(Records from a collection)
-.-.-

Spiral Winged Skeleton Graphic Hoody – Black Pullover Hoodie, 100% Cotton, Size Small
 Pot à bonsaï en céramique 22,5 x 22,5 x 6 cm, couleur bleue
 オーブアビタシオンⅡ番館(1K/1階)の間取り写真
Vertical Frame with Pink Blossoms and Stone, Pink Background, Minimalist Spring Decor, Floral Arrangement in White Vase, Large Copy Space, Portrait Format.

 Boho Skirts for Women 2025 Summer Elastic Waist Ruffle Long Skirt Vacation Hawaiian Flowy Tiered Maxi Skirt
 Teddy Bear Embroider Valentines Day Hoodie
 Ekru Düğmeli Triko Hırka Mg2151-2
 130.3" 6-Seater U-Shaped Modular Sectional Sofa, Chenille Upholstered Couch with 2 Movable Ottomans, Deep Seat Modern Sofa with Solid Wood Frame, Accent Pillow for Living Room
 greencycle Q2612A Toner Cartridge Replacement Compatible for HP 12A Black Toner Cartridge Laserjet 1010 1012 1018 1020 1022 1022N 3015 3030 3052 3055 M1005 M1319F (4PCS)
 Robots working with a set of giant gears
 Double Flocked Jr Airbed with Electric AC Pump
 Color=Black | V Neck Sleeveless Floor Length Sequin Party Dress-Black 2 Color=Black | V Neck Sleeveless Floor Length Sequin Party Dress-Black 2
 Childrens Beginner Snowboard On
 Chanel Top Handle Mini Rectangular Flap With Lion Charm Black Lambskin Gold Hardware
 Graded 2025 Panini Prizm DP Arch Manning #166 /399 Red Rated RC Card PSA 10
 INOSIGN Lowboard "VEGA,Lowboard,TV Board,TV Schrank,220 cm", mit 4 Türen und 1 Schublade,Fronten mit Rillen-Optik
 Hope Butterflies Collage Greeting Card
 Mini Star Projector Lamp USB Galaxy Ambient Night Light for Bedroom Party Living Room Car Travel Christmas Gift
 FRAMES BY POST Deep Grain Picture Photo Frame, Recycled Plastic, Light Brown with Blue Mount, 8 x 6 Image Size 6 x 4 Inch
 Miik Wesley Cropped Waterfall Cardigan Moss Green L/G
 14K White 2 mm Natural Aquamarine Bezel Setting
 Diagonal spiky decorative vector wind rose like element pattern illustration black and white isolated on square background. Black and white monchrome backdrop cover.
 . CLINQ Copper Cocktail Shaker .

-.-.-

The reply should consist solely of the lines above from the one that has "オーブアビタシオンⅡ番館(1K/1階)の間取り写真" through the one that has "Ekru Düğmeli Triko Hırka Mg2151-2", reproduced exactly.

 オーブアビタシオンⅡ番館(1K/1階)の間取り写真
Vertical Frame with Pink Blossoms and Stone, Pink Background, Minimalist Spring Decor, Floral Arrangement in White Vase, Large Copy Space, Portrait Format.

 Boho Skirts for Women 2025 Summer Elastic Waist Ruffle Long Skirt Vacation Hawaiian Flowy Tiered Maxi Skirt
 Teddy Bear Embroider Valentines Day Hoodie
 Ekru Düğmeli Triko Hırka Mg2151-2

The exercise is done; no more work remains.